**WORK TO BE COMPLETED:**
Lines before the one containing "this 1372×892 image." are to be left out; that line and all after it, through the end of the material below, are to be written out exactly.

**RECORDS SUPPLIED:**
● ● ● ● ●
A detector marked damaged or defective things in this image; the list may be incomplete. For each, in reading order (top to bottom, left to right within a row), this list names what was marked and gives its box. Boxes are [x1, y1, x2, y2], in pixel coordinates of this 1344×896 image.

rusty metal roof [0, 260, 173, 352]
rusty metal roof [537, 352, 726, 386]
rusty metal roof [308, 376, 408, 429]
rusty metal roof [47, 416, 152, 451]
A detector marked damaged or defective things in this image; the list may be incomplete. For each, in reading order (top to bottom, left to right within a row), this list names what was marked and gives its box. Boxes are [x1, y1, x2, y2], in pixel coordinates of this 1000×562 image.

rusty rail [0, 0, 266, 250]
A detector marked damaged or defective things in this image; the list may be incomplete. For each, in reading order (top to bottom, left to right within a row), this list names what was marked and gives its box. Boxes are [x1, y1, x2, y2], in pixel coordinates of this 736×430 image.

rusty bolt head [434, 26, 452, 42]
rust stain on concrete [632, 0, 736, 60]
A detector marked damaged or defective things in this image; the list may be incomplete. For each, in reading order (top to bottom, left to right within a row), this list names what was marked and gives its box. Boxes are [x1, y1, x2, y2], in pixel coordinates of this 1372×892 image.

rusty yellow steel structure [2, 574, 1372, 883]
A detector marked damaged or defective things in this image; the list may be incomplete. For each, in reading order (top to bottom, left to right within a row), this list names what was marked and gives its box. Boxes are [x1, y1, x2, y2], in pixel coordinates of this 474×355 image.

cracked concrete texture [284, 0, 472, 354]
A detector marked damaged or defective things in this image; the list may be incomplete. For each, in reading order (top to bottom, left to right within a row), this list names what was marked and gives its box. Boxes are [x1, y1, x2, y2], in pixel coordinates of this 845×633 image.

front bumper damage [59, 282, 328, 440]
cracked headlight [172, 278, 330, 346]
● ● ● ● ●
**RESPONSE TO THE EXERCISE:**
A detector marked damaged or defective things in this image; the list may be incomplete. For each, in reading order (top to bottom, left to right within a row), this list names what was marked and gives its box. Boxes are [x1, y1, x2, y2], in pixel coordinates of this 1372×892 image.

rusty yellow steel structure [2, 574, 1372, 883]
A detector marked damaged or defective things in this image; the list may be incomplete. For each, in reading order (top to bottom, left to right within a row), this list names what was marked and gives its box. Boxes are [x1, y1, x2, y2], in pixel coordinates of this 474×355 image.

cracked concrete texture [284, 0, 472, 354]
A detector marked damaged or defective things in this image; the list may be incomplete. For each, in reading order (top to bottom, left to right within a row), this list names what was marked and gives its box. Boxes are [x1, y1, x2, y2], in pixel coordinates of this 845×633 image.

front bumper damage [59, 282, 328, 440]
cracked headlight [172, 278, 330, 346]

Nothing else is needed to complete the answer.